Pamela Adelaide Genevieve Grey, Viscountess Grey of Fallodon (born Wyndham; later Pamela Tennant, Baroness Glenconner; 14 January 1871 – 18 November 1928), was an English writer. The wife of Edward Tennant, 1st Baron Glenconner, and later of Edward Grey, 1st Viscount Grey of Fallodon, she is one of the Wyndham Sisters by John Singer Sargent which were at the centre of the cultural and political life of their time. Like their parents, they were part of The Souls.

Early life
Wyndham was born on 14 January 1871 at Clouds House in Salisbury, Wiltshire, England. She was the daughter of Percy Wyndham (1835–1911) and Madeline Caroline Frances Eden Campbell. Her mother was the daughter of Sir Guy Campbell, 1st Baronet, and his wife Pamela FitzGerald, daughter of Lord Edward FitzGerald and Pamela Syms. Her father was the son of George Wyndham, 1st Baron Leconfield, and his wife Mary Fanny Blunt, the daughter of Reverend William Blunt.

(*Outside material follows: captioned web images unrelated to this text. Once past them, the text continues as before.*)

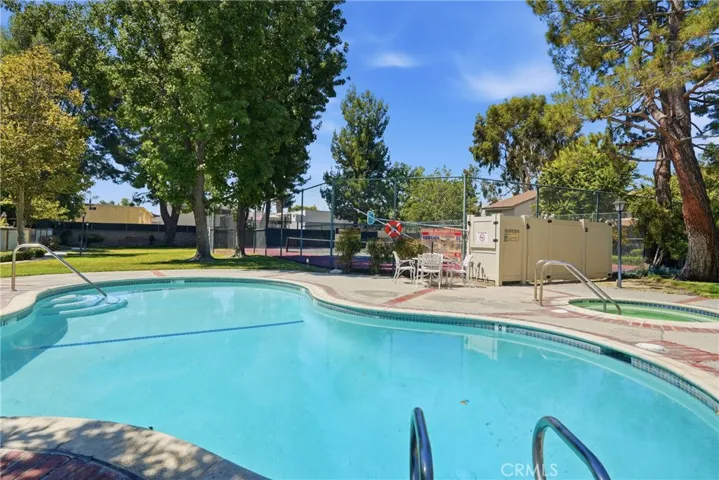 8340 Penfield Ave 35, Winnetka, California 91306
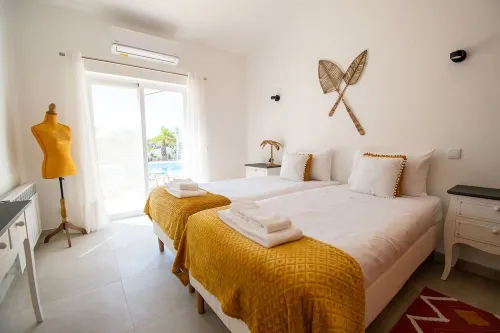 Pomba beautifully renovated with heated pool!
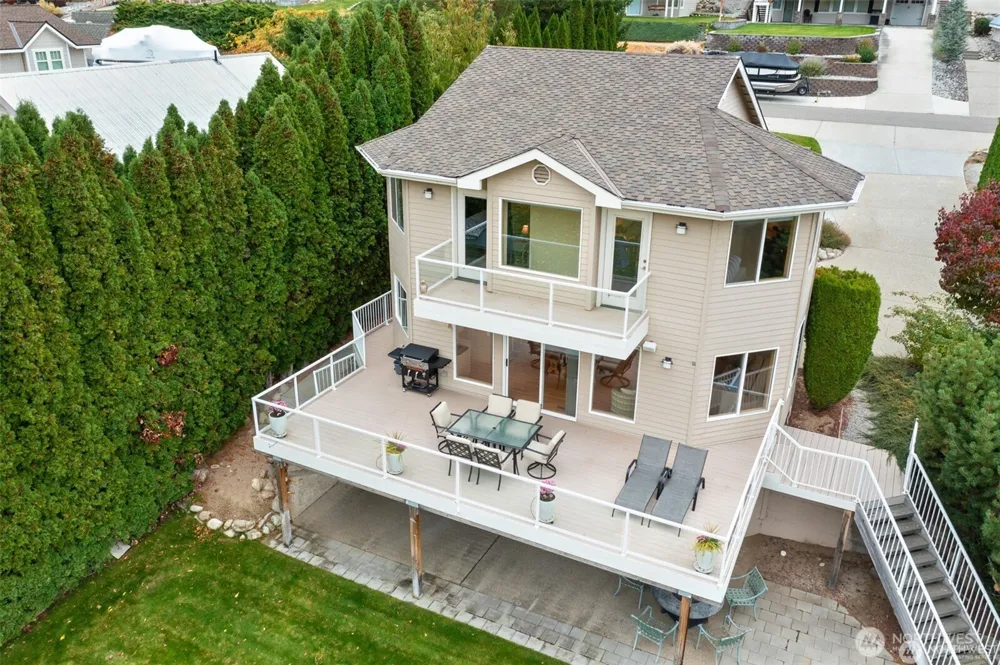 345 Lakefront Drive Orondo, WA 98843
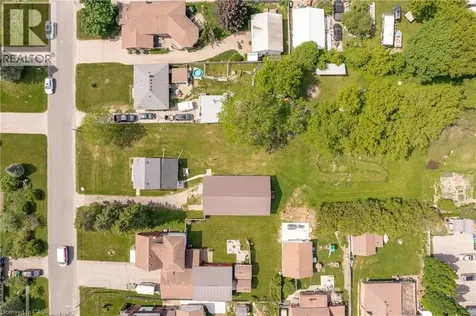 39 Stanley Avenue Kitchener ON N2K 1C4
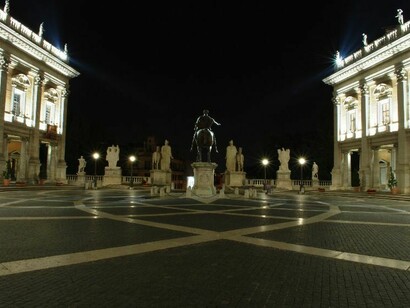 Piazza del Campidoglio verso la Cordonata, veduta notturna, foto Roberto Agostinucci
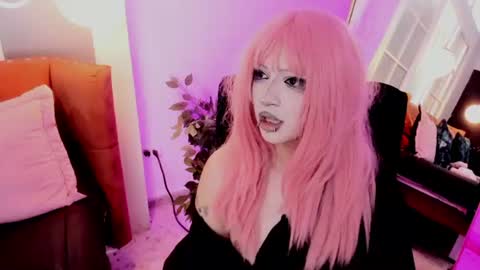 Snapshot of yuri_kay chatting on June 2026 07:50:01 PM Yuri Kay online show from June 2026 07:50:01 PM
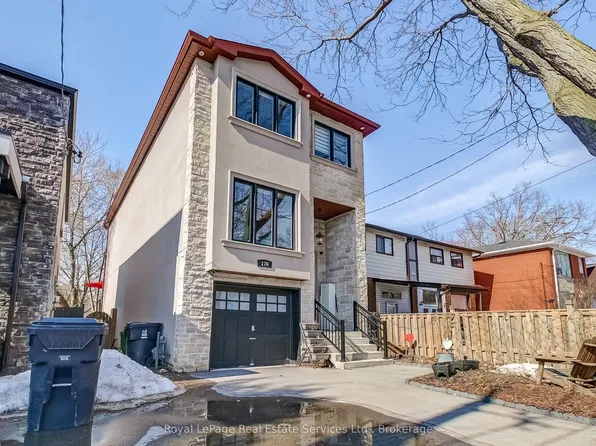 176 Leyton Ave, Toronto, ON M1L 3V6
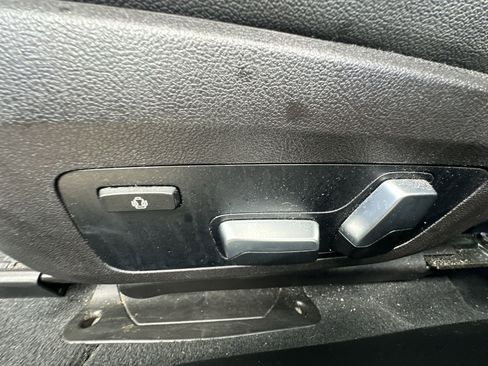 Used 2020 BMW 330i Sedan w/ Driving Assistance Package image 14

The 1899 portrait of Pamela and her sisters (Mary, wife of the 11th Earl of Wemyss, and Madeline, wife of Charles Adeane, the Lord Lt. of Cambridgeshire) by John Singer Sargent, known as the Wyndham sisters, has been described as "the greatest picture of modern times" by The Times.

Career
In 1919, Wyndham published the successful memoirs of her son Edward Tennant, who had been killed during World War I. She also published poems, prose, children's literature, and edited poetry and prose anthologies.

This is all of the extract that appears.